Die Sicherheit der persönlichen Daten ist für viele Nutzer wichtig, Apple wirbt daher immer wieder mit den großen Bemühungen, Daten in iOS so gut wie möglich zu schützen. Umso größer die Aufregung in den letzten Tagen, nachdem unter anderem das Polizeirevier der Stadt Chester in Ohio eine offizielle Warnung für iOS 17.1 ausgesprochen hatte.

Die Behauptung, die schnell auch von Nachrichtenseiten aufgegriffen wurde: NameDrop, eine neue Funktion zum Teilen von Kontaktinformationen, könne einfach ausgelöst werden, indem iPhones oder Apple Watches nah zueinander gebracht werden. Da Apple die Funktion nach dem Update standardmäßig aktiviert, würden Daten ohne das Wissen der Nutzer gefährdet.

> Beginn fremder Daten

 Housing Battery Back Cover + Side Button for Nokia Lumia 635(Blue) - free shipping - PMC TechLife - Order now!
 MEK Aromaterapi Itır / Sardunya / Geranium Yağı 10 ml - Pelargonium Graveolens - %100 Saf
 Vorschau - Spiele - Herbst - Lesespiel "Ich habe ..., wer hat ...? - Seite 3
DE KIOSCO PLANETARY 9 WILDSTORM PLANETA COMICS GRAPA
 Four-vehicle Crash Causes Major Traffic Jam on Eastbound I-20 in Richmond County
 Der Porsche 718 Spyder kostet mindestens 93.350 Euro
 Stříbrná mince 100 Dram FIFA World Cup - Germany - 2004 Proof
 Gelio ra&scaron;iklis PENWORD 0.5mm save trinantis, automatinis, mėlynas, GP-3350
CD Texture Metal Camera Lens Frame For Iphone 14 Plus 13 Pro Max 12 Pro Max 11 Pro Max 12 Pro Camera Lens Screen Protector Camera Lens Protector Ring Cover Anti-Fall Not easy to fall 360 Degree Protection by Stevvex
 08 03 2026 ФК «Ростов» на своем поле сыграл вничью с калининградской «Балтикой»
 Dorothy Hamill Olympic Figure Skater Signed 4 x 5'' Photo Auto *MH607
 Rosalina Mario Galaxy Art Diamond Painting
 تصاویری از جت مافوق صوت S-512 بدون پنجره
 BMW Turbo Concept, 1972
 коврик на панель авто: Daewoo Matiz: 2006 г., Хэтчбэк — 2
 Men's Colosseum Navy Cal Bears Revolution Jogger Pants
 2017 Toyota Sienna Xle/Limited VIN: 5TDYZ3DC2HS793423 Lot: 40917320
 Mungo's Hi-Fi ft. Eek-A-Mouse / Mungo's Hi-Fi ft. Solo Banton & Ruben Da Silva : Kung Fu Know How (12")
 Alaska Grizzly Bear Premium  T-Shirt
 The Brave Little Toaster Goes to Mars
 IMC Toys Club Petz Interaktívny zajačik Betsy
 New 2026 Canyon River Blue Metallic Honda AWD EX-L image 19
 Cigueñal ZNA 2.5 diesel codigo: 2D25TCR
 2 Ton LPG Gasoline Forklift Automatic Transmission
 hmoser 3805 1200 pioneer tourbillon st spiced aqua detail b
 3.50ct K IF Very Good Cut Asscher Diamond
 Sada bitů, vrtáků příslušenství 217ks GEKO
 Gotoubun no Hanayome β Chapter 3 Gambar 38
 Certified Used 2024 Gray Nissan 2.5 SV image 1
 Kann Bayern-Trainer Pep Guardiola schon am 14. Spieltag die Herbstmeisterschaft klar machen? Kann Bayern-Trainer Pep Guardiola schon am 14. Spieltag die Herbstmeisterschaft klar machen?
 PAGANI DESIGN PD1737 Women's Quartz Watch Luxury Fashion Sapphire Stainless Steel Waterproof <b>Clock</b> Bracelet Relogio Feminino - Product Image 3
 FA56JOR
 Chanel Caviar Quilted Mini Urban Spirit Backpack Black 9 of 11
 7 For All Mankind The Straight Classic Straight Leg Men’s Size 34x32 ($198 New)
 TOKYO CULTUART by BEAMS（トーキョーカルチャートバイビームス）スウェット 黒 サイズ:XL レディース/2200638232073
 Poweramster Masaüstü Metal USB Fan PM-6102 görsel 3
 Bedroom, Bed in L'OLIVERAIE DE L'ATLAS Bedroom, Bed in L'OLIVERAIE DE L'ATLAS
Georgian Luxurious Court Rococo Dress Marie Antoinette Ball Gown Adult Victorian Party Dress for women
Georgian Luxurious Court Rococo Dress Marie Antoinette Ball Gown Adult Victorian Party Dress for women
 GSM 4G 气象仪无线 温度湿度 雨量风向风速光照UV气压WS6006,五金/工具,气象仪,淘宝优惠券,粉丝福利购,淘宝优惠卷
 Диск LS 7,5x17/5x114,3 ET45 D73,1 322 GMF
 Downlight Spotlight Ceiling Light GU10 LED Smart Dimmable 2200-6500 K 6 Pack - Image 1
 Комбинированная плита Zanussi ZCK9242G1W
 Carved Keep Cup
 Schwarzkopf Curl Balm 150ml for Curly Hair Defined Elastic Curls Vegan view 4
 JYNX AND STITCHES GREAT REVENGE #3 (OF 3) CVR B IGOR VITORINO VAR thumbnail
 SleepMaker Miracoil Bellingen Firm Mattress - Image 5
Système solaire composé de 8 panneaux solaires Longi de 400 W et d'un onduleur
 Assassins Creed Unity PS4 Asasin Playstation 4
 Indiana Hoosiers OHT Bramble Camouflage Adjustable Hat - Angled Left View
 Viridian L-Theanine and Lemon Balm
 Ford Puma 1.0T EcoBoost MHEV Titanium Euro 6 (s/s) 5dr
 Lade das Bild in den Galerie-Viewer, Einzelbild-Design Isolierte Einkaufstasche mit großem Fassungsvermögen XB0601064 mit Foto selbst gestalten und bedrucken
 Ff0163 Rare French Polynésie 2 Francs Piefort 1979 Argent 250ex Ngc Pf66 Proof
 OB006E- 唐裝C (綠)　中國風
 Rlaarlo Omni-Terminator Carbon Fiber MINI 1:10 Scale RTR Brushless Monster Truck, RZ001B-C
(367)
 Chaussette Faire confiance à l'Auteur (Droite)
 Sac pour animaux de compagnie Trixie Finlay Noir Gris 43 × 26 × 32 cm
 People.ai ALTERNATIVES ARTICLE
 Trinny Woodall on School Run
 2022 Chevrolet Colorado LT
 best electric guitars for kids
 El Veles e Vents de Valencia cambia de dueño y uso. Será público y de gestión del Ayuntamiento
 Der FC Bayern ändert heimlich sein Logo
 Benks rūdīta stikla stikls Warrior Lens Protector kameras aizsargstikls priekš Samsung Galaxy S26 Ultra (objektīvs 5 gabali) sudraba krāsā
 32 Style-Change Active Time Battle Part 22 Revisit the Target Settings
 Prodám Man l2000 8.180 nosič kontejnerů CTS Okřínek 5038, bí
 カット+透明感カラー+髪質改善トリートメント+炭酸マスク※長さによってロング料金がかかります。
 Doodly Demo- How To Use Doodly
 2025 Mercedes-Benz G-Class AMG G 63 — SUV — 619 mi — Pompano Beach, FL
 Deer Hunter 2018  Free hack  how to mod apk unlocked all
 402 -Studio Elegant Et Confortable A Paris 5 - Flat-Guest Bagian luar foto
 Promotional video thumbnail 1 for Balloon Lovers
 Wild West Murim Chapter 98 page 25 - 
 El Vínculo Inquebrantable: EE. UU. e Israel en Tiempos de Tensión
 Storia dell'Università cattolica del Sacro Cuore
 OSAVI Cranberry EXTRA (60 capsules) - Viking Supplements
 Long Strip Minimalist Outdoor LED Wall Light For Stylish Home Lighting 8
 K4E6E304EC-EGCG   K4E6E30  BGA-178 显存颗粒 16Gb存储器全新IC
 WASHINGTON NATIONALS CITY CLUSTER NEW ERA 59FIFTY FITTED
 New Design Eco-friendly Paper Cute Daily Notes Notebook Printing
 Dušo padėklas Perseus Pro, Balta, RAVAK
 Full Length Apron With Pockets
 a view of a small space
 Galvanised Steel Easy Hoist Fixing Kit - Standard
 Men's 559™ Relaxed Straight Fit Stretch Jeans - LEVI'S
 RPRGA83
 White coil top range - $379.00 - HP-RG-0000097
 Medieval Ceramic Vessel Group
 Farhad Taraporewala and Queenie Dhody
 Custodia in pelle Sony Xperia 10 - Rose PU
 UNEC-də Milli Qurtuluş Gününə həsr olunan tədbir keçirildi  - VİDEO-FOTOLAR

Wovor die Polizei hier unter der Überschrift des Datenschutzes warnt, verhält sich in der Realität aber deutlich differenzierter. Oder anders gesagt: Die Warnung zeugt von einem Unverständnis, wie NameDrop wirklich funktioniert.

Entgegen der Darstellung der Polizei, dass der Datenaustausch einfach nur durch die Annäherung ausgelöst wird, setzt NameDrop immer das Zutun beider Nutzer voraus. Zunächst müssen die Geräte entsperrt sein, nähern sich diese dann auf wenige Zentimeter an, erscheint ein Pop-up-Fenster, in dem die Nutzer bestätigen müssen, dass Kontaktinformationen oder ein Bild geteilt werden soll.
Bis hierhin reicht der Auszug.